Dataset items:
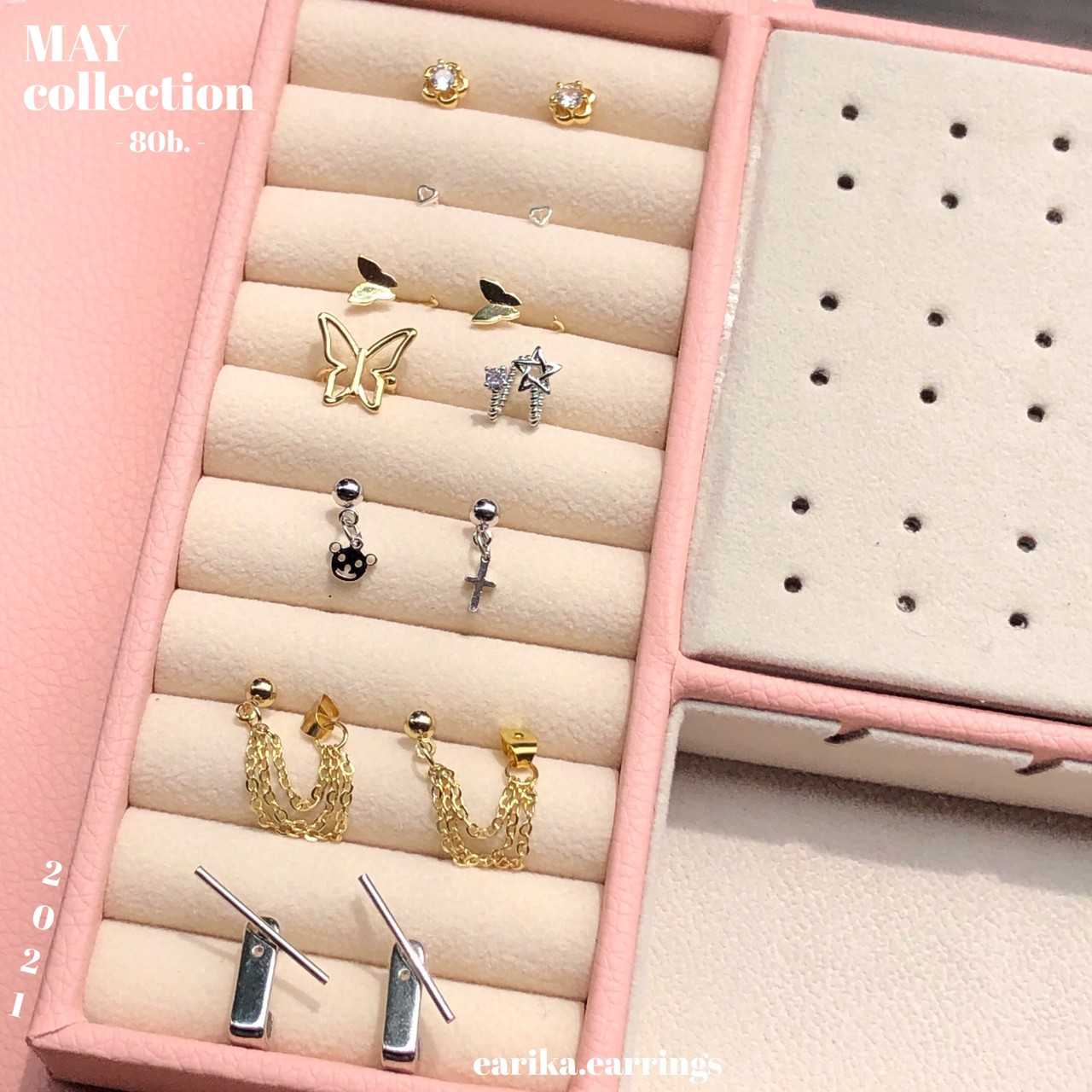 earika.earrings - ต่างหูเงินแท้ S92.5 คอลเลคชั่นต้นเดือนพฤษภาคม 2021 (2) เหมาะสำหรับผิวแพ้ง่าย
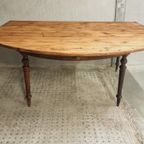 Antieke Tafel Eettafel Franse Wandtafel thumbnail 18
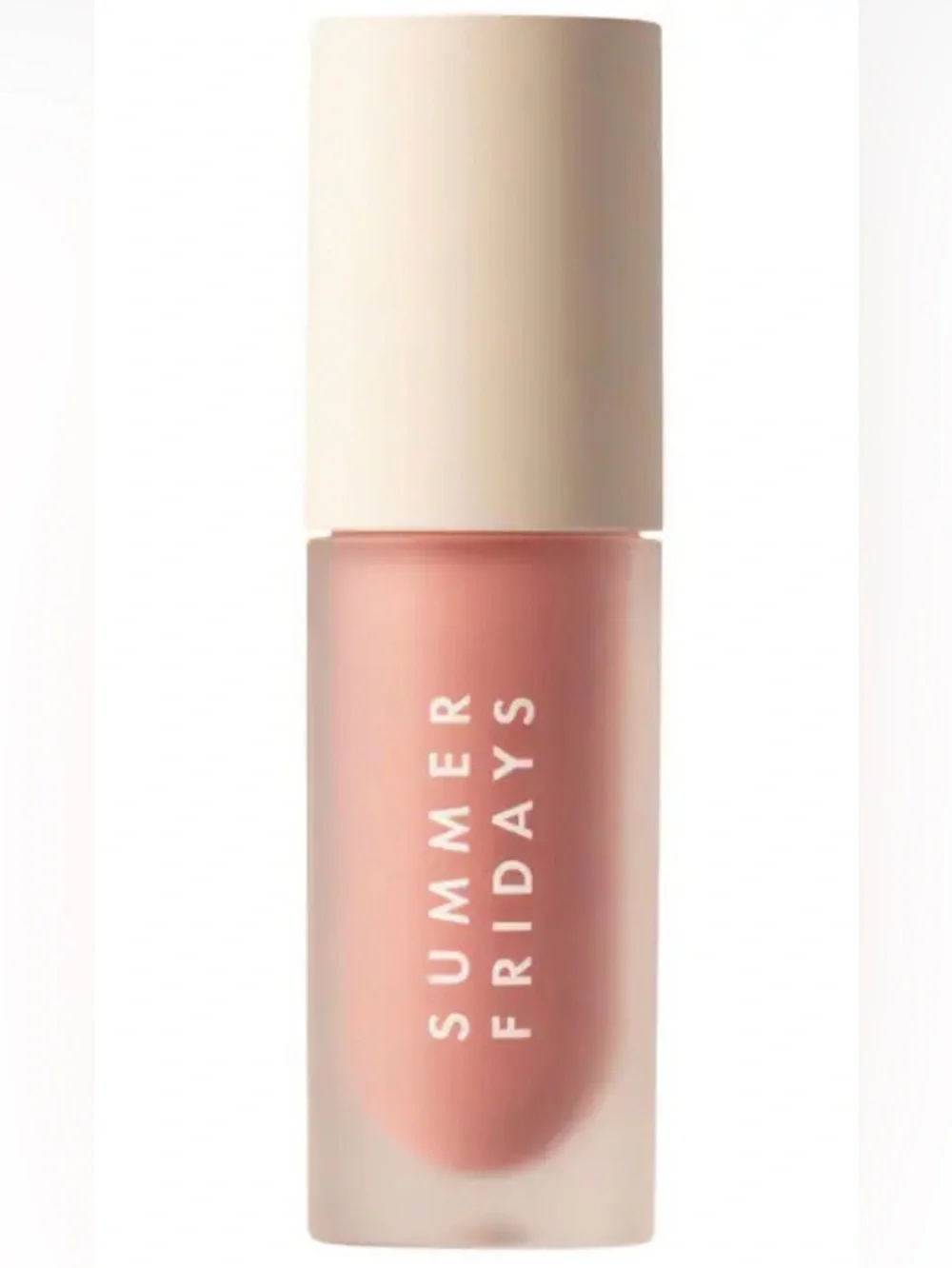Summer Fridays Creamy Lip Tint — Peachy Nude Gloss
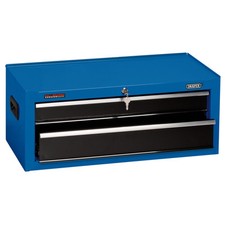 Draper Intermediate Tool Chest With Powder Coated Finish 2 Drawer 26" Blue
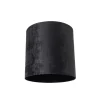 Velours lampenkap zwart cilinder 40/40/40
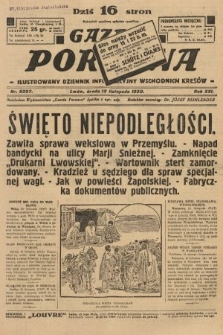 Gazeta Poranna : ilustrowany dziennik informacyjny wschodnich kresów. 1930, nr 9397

= EXERCISE =
Go back to the records above and write them out exactly, without the pictures.

= SOLUTION TO THIS TASK =
 earika.earrings - ต่างหูเงินแท้ S92.5 คอลเลคชั่นต้นเดือนพฤษภาคม 2021 (2) เหมาะสำหรับผิวแพ้ง่าย
 Antieke Tafel Eettafel Franse Wandtafel thumbnail 18
Summer Fridays Creamy Lip Tint — Peachy Nude Gloss
 Draper Intermediate Tool Chest With Powder Coated Finish 2 Drawer 26" Blue
 Velours lampenkap zwart cilinder 40/40/40
 Gazeta Poranna : ilustrowany dziennik informacyjny wschodnich kresów. 1930, nr 9397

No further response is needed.